- **Material provided**:
• • • • •

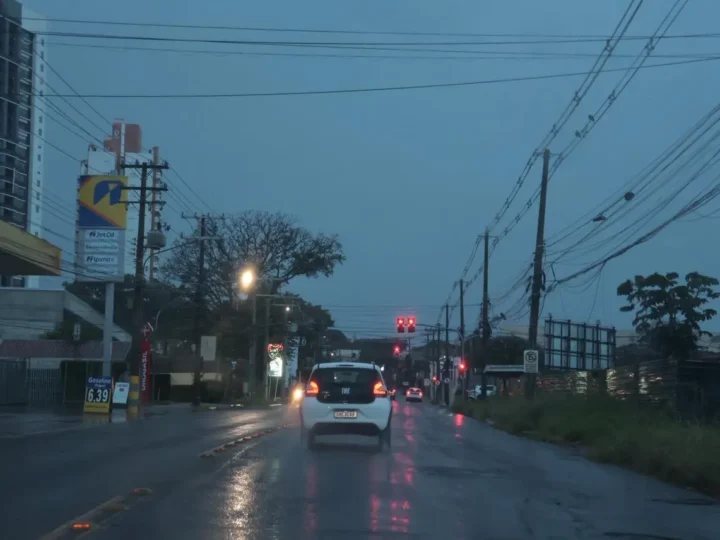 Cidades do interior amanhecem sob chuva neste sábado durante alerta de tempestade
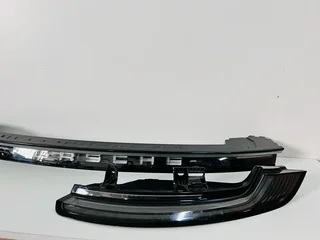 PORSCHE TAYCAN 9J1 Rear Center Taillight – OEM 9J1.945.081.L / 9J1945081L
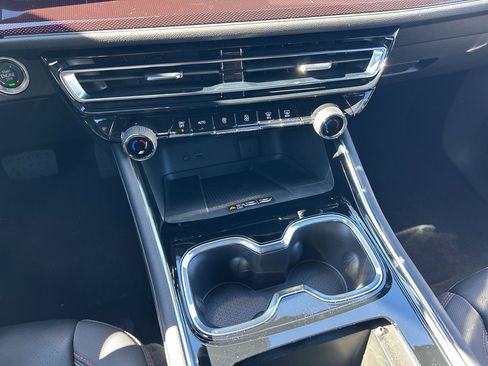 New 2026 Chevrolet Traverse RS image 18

• • • • •

- **What the exercise asks**: Repeat exactly the lines from the one containing "PORSCHE TAYCAN 9J1" to the last line of the data above, both included, and write no pictures into the copy.

- **Expected answer**:
 PORSCHE TAYCAN 9J1 Rear Center Taillight – OEM 9J1.945.081.L / 9J1945081L
 New 2026 Chevrolet Traverse RS image 18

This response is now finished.